*** DATA SUPPLIED Section Begins ***

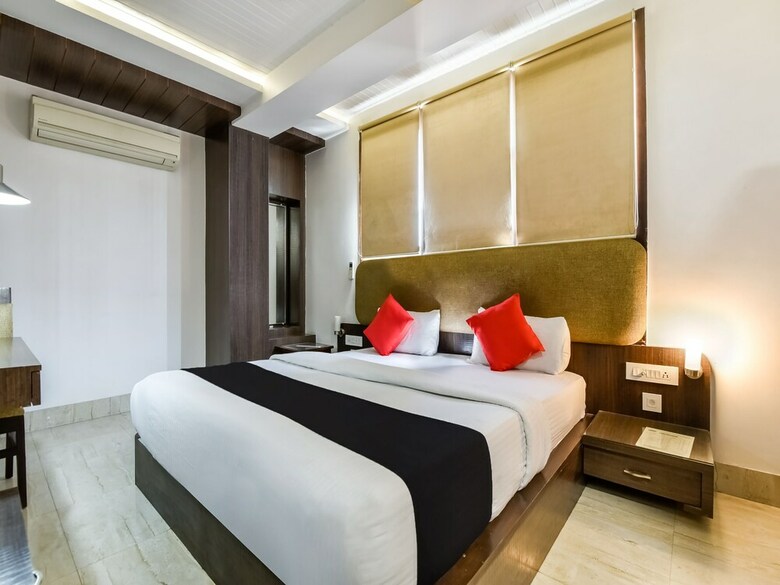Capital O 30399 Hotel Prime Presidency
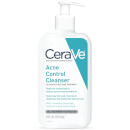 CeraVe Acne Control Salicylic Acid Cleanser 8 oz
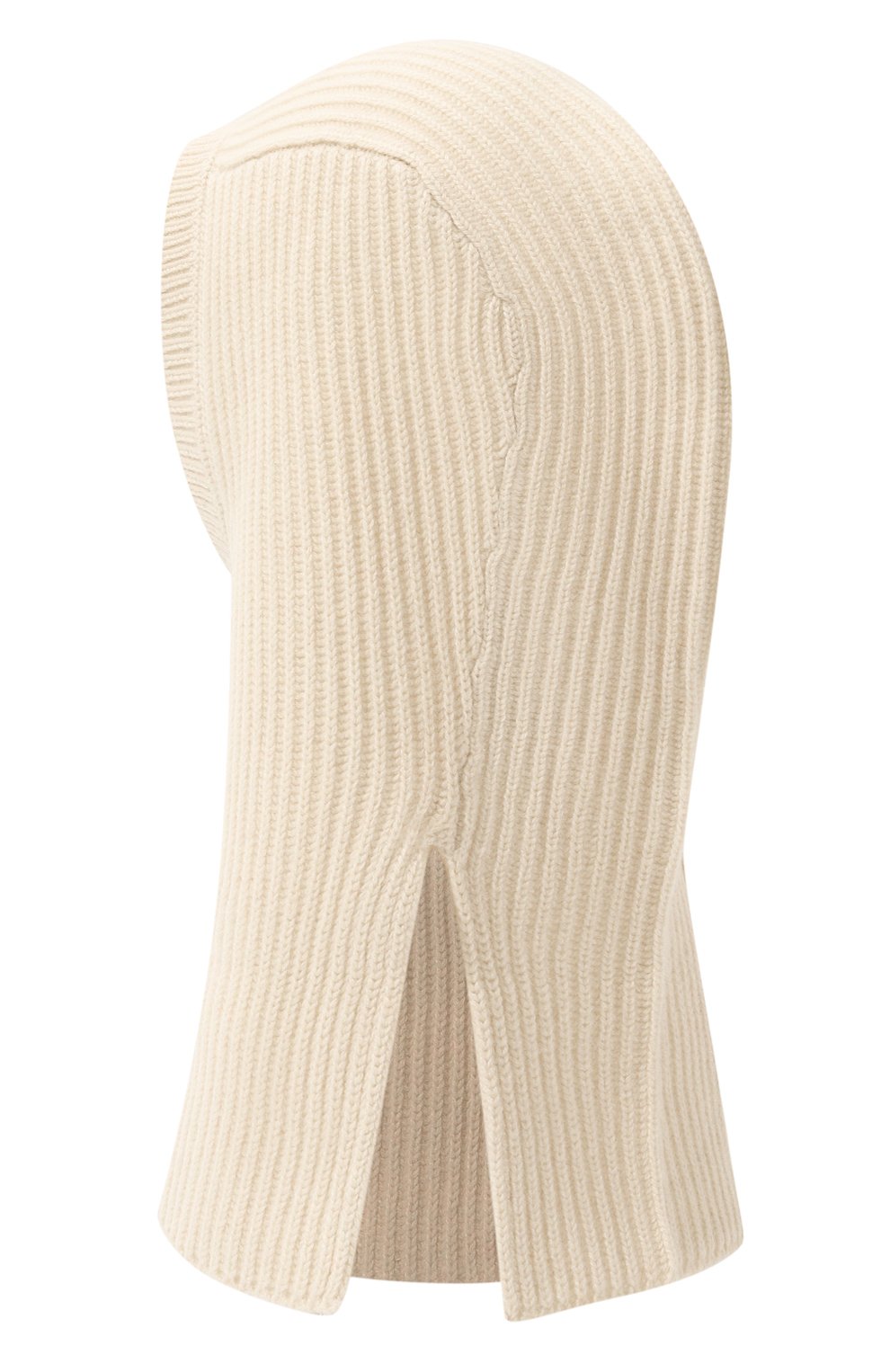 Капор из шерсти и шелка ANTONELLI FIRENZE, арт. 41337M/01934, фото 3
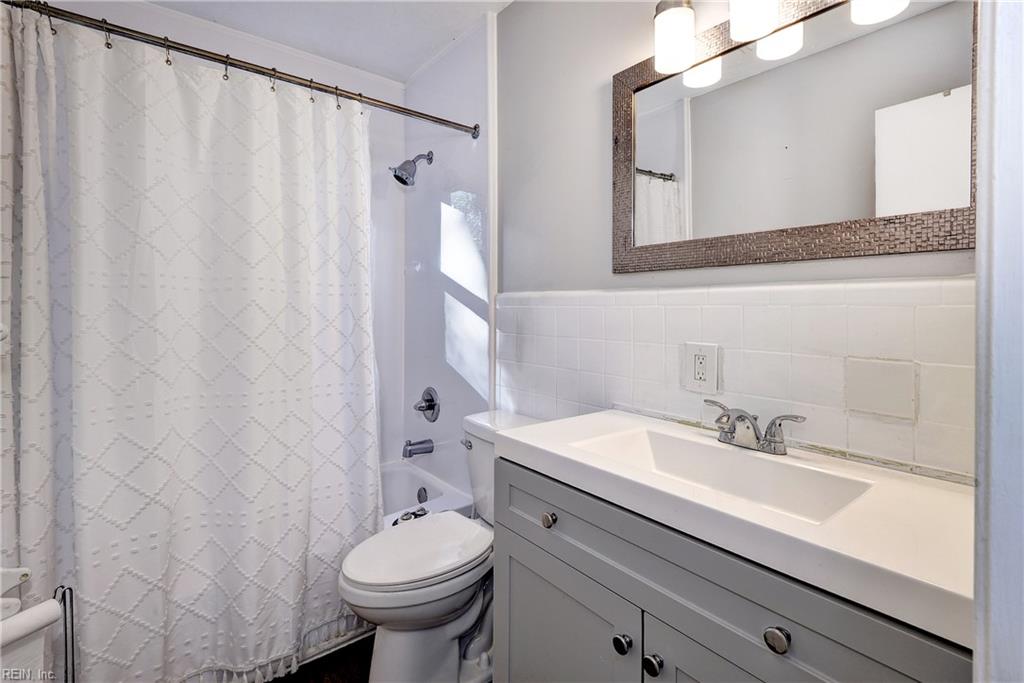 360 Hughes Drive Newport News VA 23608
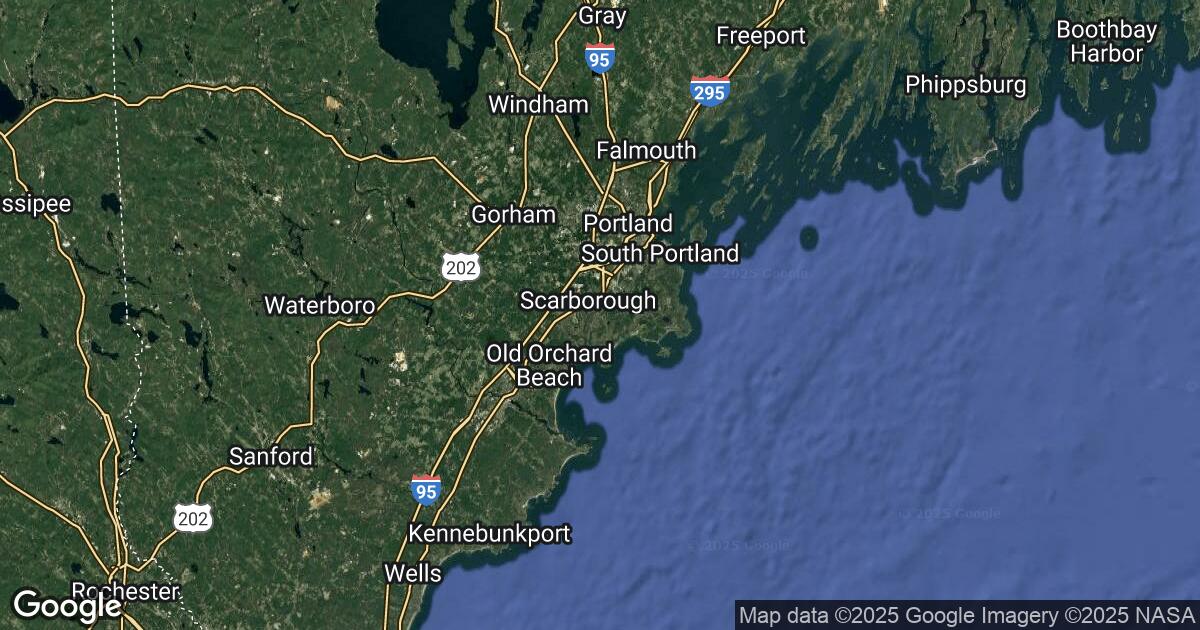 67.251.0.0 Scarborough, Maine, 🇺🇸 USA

*** DATA SUPPLIED Section Ends ***

ABOUT THIS EXERCISE
Return the records above exactly as written. Do not include their images.

ANSWER BELOW
Capital O 30399 Hotel Prime Presidency
 CeraVe Acne Control Salicylic Acid Cleanser 8 oz
 Капор из шерсти и шелка ANTONELLI FIRENZE, арт. 41337M/01934, фото 3
 360 Hughes Drive Newport News VA 23608
 67.251.0.0 Scarborough, Maine, 🇺🇸 USA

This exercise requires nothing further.